Norman is as famous as Dracula before him and Hannibal Lecter after him -- and directly related both to The Wolf Man(or werewolves in general) and Dr Jekyll and Mr. Hyde in his personality split of nice and murderous. (But IS it a split, really?)
Norman Bates is a "trick" villain, however: For most of the running time of Psycho, he is NOT the killer(to us.) He is a sympathetic accomplice to his mother's murders, and hence clearly OF "the bad guys," but not entirely(to us)...a bad guy. Famously cast with handsome young (but "odd") heartthrob (and Oscar nominee) Anthony Perkins, Norman was famously portrayed as a sweet, nervous, lonely young man whose best friend is his mother. Less famously, Norman gets nastier and nastier as the story goes along -- the true monster within is slowly hinted at, and then fully revealed in the cell at the end. Perkins work -- particularly in his final expressions in the cell at the end -- earn him a top slot on the "snubbed Best Actor nominations" list -- and on the "snubbed Best Actor wins list."
But wait there's more: Norman may not seem the killer for most of Psycho's running time, but MRS BATES sure is. Norman Bates is a "twofer" as movie villains go, because long before Michael Myers wore his William Shatner mask and long before Jason wore his hockey mask and long before the "Scream" killer(s) wore their art scream mask...there was Mrs. Bates, she of the shadowy face and obscene strength and truly scary tendency to stay off screen only until she emerged to kill people most bloodily with a big knife.
Mrs. Bates the Monster Mother preceded by decades the more constantly seen Myers and Jason...and in some ways, that works better for the suspense and terror in Psycho. For over a half hour after she kills Marion in the shower, Mrs. Bates is never seen(except once in a window by Arbogast) and hovers over the proceedings as we fear when next we will see her "in action." When she FINALLY emerges(so fast, so vicious, so robotic) to attack Arbogast on the stairs, we sceam hard because she is STILL just as bad as we feared her to be. Then, a long wait begins again as Lila explores the house and Mrs. B makes her fruit cellar move.
Yes, with Norman Bates we get "two, two, two villains in one": a monster to haunt our nightmares(Mrs. Bates in killing mode) and a man to haunt our lives(the sweet inscrutable Norman.)
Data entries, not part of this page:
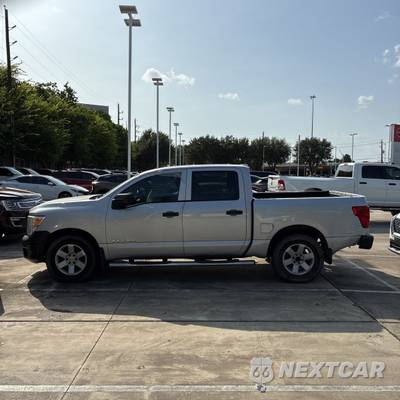 2018 Nissan TITAN S Crew Cab Short Bed - zdjęcie 5 z 13 - miniatura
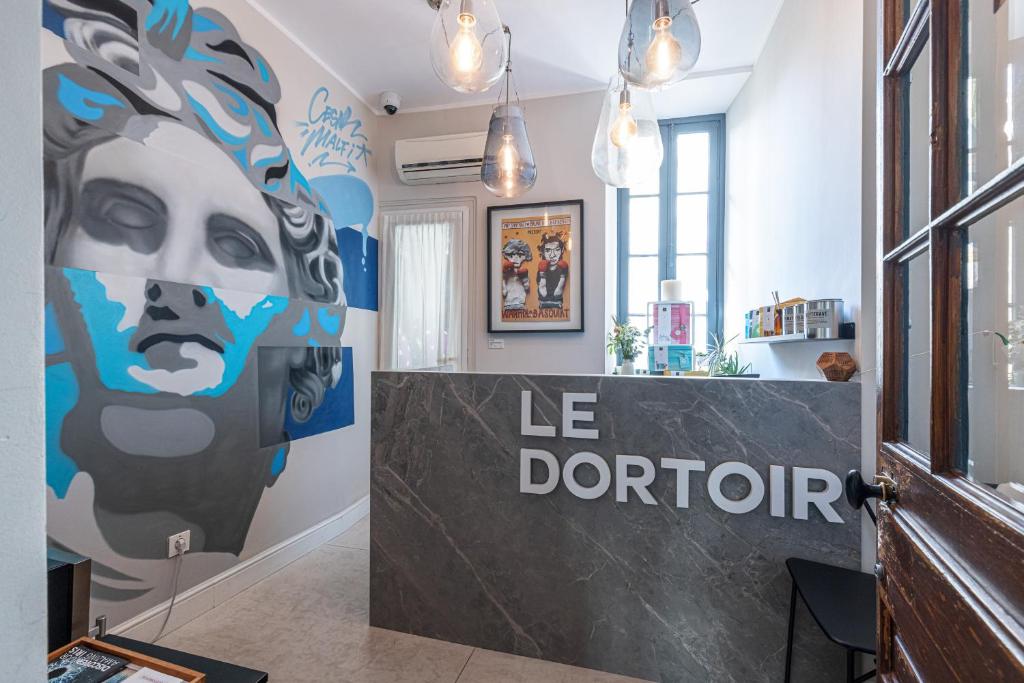 Hôtel Le Dortoir Boutique Suites 11 rue Paradis 06000 Nice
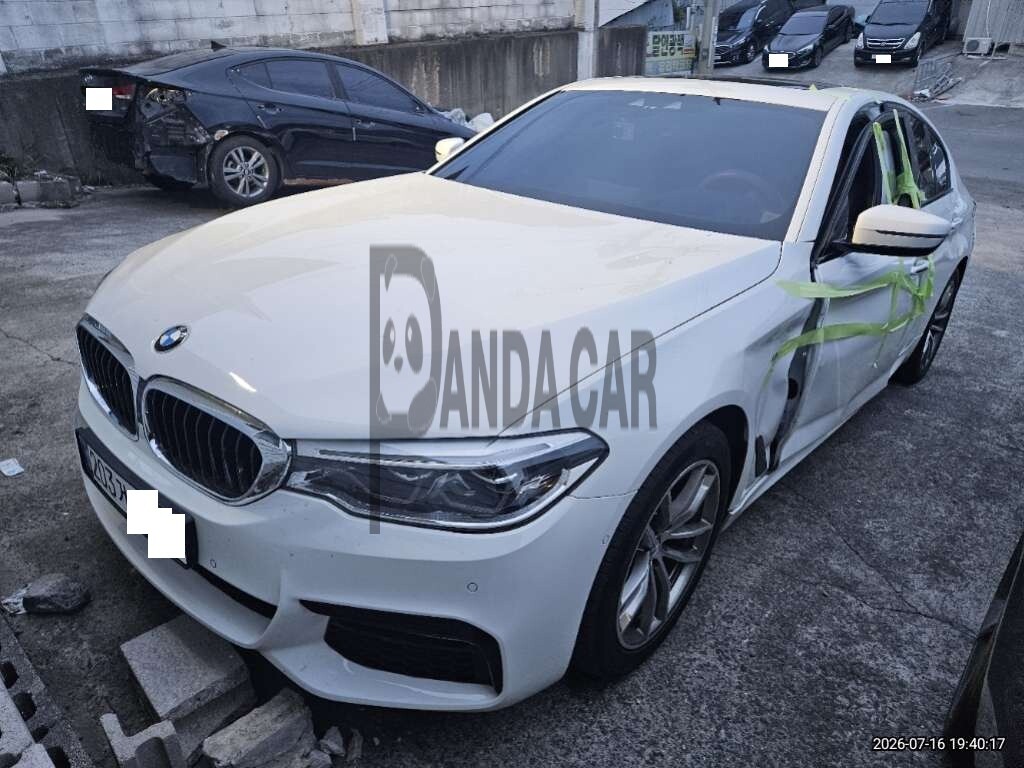 2017 BMW 520d, photograph 1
NUMBER TWO: Robert Walker, as Bruno Anthony, in Strangers on a Train(1951.)
On a "standard" list of great Hitchcock villains, Walker as Bruno should be Number One -- because he clearly IS the villain of his film from practically our first glimpse of him -- his SHOES. They are flashy, overdone -- in constrast to the hero's most no-nonsense shoes. The shoes are on feet that are moving with purpose into a train station, onto a train and to a "brief bumping"(instigated by the hero, not the villain) and we're off! Barely two minutes into the film, and our villain is HERE. (It takes 30 minutes to get Norman into Psycho, yet another reason Bruno should be Number One.)